On Tue, 30 Apr 2013, Kent Overstreet wrote:
Argh.
That hang took a lot longer to show up than last time, didn't it?
Wonder if I might have fixed part of the problem.
Well, not exactly. Before this I triggered the bug two times, the first
time after four days of uptime and the second after two days, so since
this time was also four days it's hard to say whether this bug has been
affected at all. But yes, since this is my main desktop computer and the
workload on it is non-artificial and not very heavy, it does take a long
time to trigger this bug. Perhaps Heiko can trigger it faster, assuming
his setup still has this bug?
I do have a spare computer and disks at work that I can use for a test
setup (with the same kernel and block stack), though it will take a few
days to free up an SSD for it.
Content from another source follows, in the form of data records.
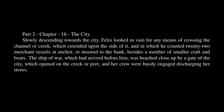Part 2, Chapter 16: The City. Slowly descending towards the city, Felix looked in vain for any means of crossing the channel or creek, which extended upon the side of it, and in which he counted twenty-two merchant vessels at anchor, or moored to the bank, besides a number of smaller craft and boats.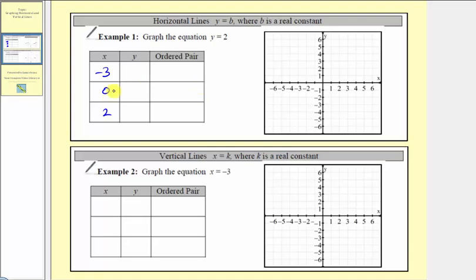Now normally at this point, we perform substitution into the equation and then find the corresponding output or y value. But notice how our equation does not contain x — the equation only contains y — and therefore this is telling us that y, the output, must always be two. Let's record y values of two.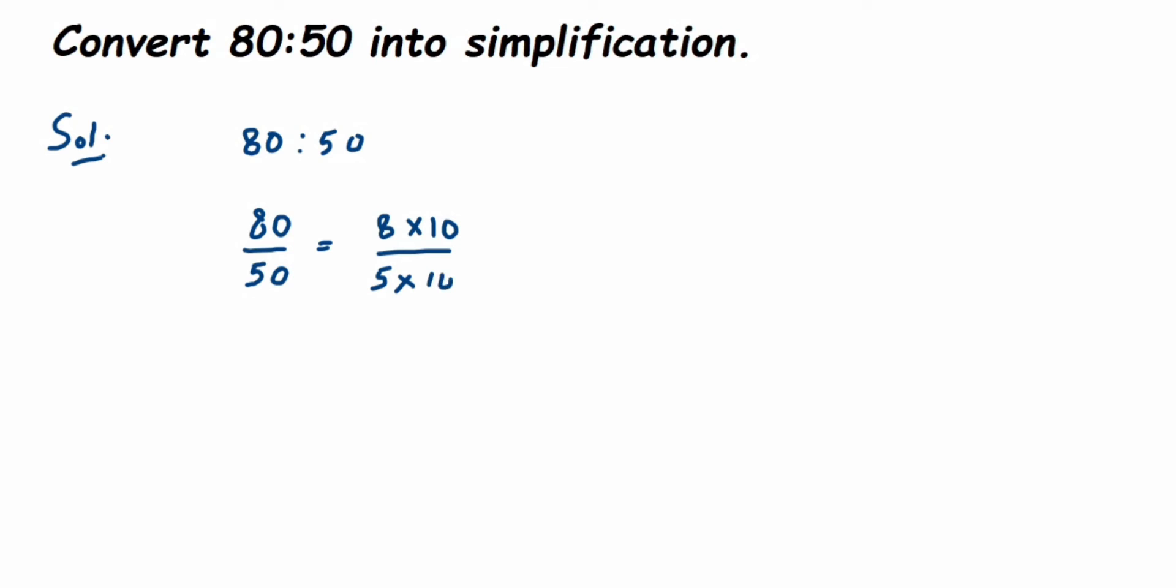I can cancel this 10, so this equals 8/5, which is again equal to 8:5. So here I've taken a common factor and simplified.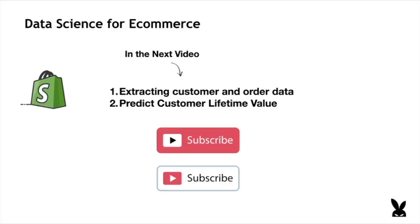In the next video, we're going to be extracting customer and order data from the API. And we're going to use that data to solve one of the most pressing problems for e-commerce merchants, which is predicting customer lifetime value. So if you think this is something you want to learn, make sure you subscribe. Thanks for watching.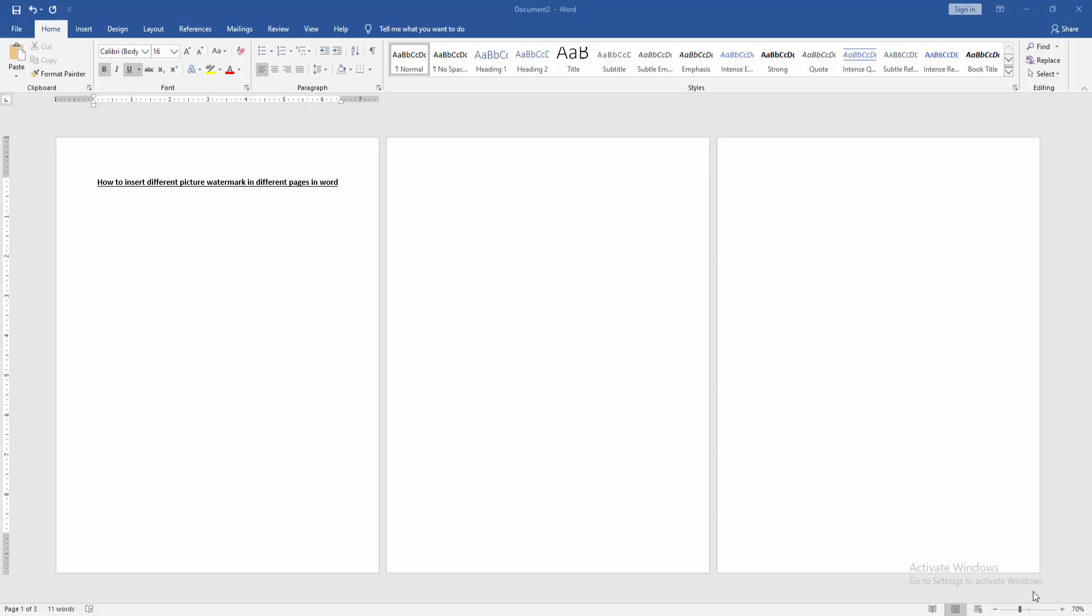Assalamualaikum. Hello friends, how are you? Welcome back to my new video. In this video, I am going to show you how to insert different picture watermarks in different pages in Microsoft Word. Let's get started.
If you can provide scripts to generate the
workload then maybe the bug could be reproduced faster.
On Tue, Apr 30, 2013 at 9:13 AM, Juha Aatrokoski <jha@xxxxxxxxxxx> wrote:
On Fri, 26 Apr 2013, Juha Aatrokoski wrote:
On Sun, 21 Apr 2013, Juha Aatrokoski wrote:
On Sat, 20 Apr 2013, Kent Overstreet wrote:
On Thu, Apr 18, 2013 at 02:42:59PM +0300, Juha Aatrokoski wrote:
I ran into the same bug as Heiko Wundram reported a while back:
after a few (2-4) days of normal desktop usage, bcache hangs and
dstat shows continuous 50MB/s write to the cache SSD partition with
one CPU core maxed out in IO wait. I remembered Kent's answer to the
later message, and at least echoing 0 to writeback_running did
nothing in my system. The bcache device consists of an SSD partition
and two disks in md raid0, and there is dmcrypt on top of bcache.
The branch was bcache patched to a 3.7.10 (Gentoo) kernel. Is bcache
the correct branch, or should I be using bcache-for-upstream? (There
are many branches in the git repo, but I can't find any
documentation/description on what they are and who should use them.)
I had to revert back to the previous setup, which was bcache-3.2
patched to a 3.6.11 kernel and which doesn't have the problem. But
it looks like bcache-3.2 cannot be trivially (i.e. without more
detailed knowledge about bcache and the bio subsystem) ported to 3.7
kernels, so I guess I'll be stuck with 3.6 until the bug is fixed.
So, I'm not having any luck with reproducing it, but I do have a
possible fix in the bcache-testing branch - any chance you can give that
a try and let me know if it works?
OK, I'll test it when I have time, which may not be until next weekend.
I just patched my 3.7.10 Gentoo kernel with the latest bcache branch
(which I understand should have the fix for this) and rebooted. I'll let you
know if the problem still persists.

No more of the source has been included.